Non-parties/appellants appeal a trial court judgment that granted defendant/appellee's motion to compel and motion for contempt and denied appellants' motion to quash. For the reasons that follow, we vacate the judgment of the trial court and remand for further proceedings.
FACTUAL AND PROCEDURAL HISTORY
This appeal concerns competing motions seeking resolution of a discovery dispute between non-parties/appellants, Dr. Shari Bouy, D.C. and Louisiana Health and Injury Centers (LHIC), and defendant/appellee, State Farm Fire and Casualty Company (State Farm). The underlying lawsuit was filed by Xavier Moore against State Farm, Moore's uninsured/underinsured motorist insurer, after she was allegedly injured in an automobile accident with an underinsured driver. During litigation, State Farm sought the expert deposition of Dr. Bouy, who had treated Moore at LHIC after the accident. Dr. Bouy, through counsel, requested payment of an expert witness fee prior to the deposition. State Farm declined to issue payment in advance, and Dr. Bouy declined to appear without receipt of same. Dr. Bouy and LHIC (collectively referred to herein simply as "Dr. Bouy") filed a motion to quash the notice of deposition. State Farm filed a motion for contempt and to compel the deposition.
Dr. Bouy's motion to quash and State Farm's motion for contempt and to compel were set for a February 3, 2020 hearing. At the beginning of the hearing, the trial court indicated that it intended to take up the motion to quash and the motion to compel simultaneously. After Dr. Bouy argued that the deposition subpoena was void because it did not comply with LSA-R.S. 3715.1, the trial court informed the parties that it would pretermit ruling on the other issues in order to consider whether the deposition subpoena was properly served. Specifically, the trial court stated:
Although the transcript of the hearing is dated February 2, 2020, the minutes and the trial court's ruling consistently reflect that the hearing was set for and occurred on February 3, 2020.
I'm going to take that issue under advisement... pretermit ruling on anything else, and I'll issue a ruling on this later today. And if it goes for you, [counsel for State Farm], then I'll reset your hearing on the other ones. Although, if it goes to you, [counsel for Dr. Bouy], then [counsel for State Farm] knows he'll have to reset it and start all over again.

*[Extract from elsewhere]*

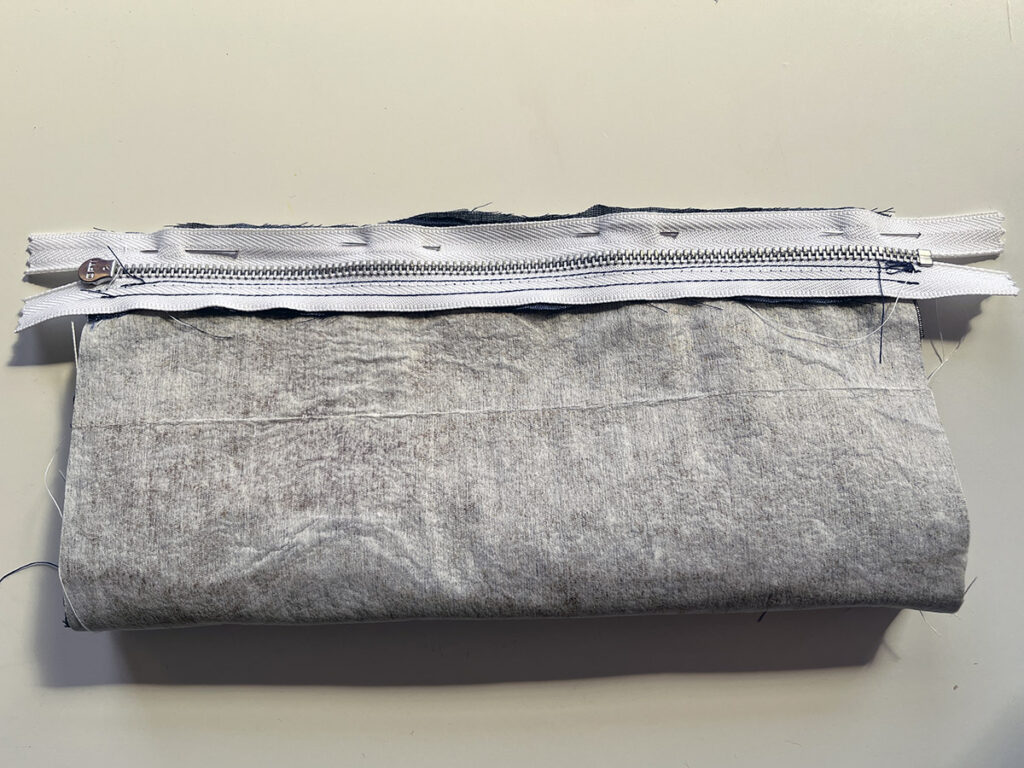 Line up the shorter edges, and pin the zipper to the opposite side of your DIY pencil case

Counsel for State Farm subsequently inquired whether there was "any benefit to the court's time to decide the issue over the [expert witness fees] so we don't have to come back." The trial court stated that it would "look at what's reasonable for this case." The trial court went on to decline to hear further arguments, stating in pertinent part:
All right, I'm not going to talk about that one because I'm -- I haven't gotten that far yet, but I'm going to tell you it needs to be a reasonable fee...
...
I'm not talking about it today...
...
The only thing I'm talking about is -- what -- is whether or not the motion to quash should be granted for State Farm failing to follow proper procedures in the issuance of a subpoena to begin with. And I'll issue that ruling in [thirty] days, and then y'all can go from there.

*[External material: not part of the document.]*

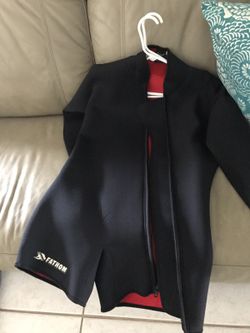 Women's 8T. And Men's LG wetsuit.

On May 20, 2020, despite the trial court's prior representations that all issues were being pretermitted except the propriety of the deposition subpoena, the trial court issued a written ruling that denied Dr. Bouy's motion to quash, granted State Farm's motion for contempt, and ordered Dr. Bouy to appear for a deposition. The trial court also set the amount of Dr. Bouy's expert witness fee. The trial court executed a written judgment in conformity with the May 20, 2020 ruling on June 15, 2020. Dr. Bouy now appeals this adverse judgment.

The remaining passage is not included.